On 31 January 1994, Mr. Sanderson died. His estate, which was then made up almost entirely of treasury bills, investment certificates and cash, had a value of $1,733,855.88 as at 21 June 1996.
On the application of Montreal Trust, which was granted administration of the estate, letters probate were issued on 6 February 1995 in relation to the 1985 Will.
The University filed a Caveat on 22 July 1994 which read, in part:
The Caveator is the beneficiary under trust created under the terms of the Mutual Wills of the deceased Michael Daniel Sanderson and his deceased spouse, Katherine Velma Sanderson dated July 9, 1970. The Caveator claims to be entitled to the entire residue of the estate of Michael Daniel Sanderson under the said Mutual Will of July 9, 1970 ….
Montreal Trust declined to bring an application to resolve the conflicting claims of the University and the individual defendants and, as a result, the University commenced an action seeking a declaration that the defendant executor, Montreal Trust, holds all of the assets of the estate of Michael Daniel Sanderson as constructive trustee for the sole benefit of the University.

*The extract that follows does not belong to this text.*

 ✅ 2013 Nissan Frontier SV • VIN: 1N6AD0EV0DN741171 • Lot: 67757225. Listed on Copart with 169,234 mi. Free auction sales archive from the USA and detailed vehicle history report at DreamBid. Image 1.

“This is a case in which there was an express agreement made that the mutual wills would not be revoked or altered during the joint lives of the parties to the agreement and that after the death of the first, the will of the survivor would not be altered or revoked. There was an exchange of promises
and Mrs. Sanderson did not revoke her will, although she had the legal right to do so, before her death.
Equity considers it a fraud upon the deceased, who has acted upon and relied upon the mutually binding nature of the agreement, for the survivor to change the will and break the agreement. As the deceased cannot intervene to enforce the obligation, equity will enforce the survivor’s obligation, despite the survivor’s subsequent intentions.”
It is important to remember that just because a husband and wife have simultaneously made mutual wills, giving each to the other a life interest with similar provisions in remainder, is not in itself evidence of an agreement not to revoke the wills. In the absence of a definite agreement to that effect, there is no implied trust precluding the wife from making a fresh will inconsistent with her former will, even though her husband has died and she has taken the benefits conferred by his will. It is only where an agreement has been made, that equity will cause the court to enforce the contract and require the survivor to dispose of the property in a manner consistent with the terms of the will. The survivor will be precluded from making a subsequent will to deal with that property or to dispose of the property in a manner inconsistent with the trusts imposed.
The court will only intervene where the facts show that the judicious parent , acting in full knowledge of the true facts, would have made a different disposition of the estate among his adult children. Griffin v McCarthy 36 E.T.R. 129
In Chernecki v Vangolen 1997 3 W.W.R. 589 (C.A.), the Court of Appeal found that a will that left $1.16 million dollars equally to two children should not be interfered with, as the will had made adequate provision for each child.
In Cavadini v Mahaffey Estate ( 1995) B.C.A.C. 220 it was held that the law does not require a testator to treat all children equally.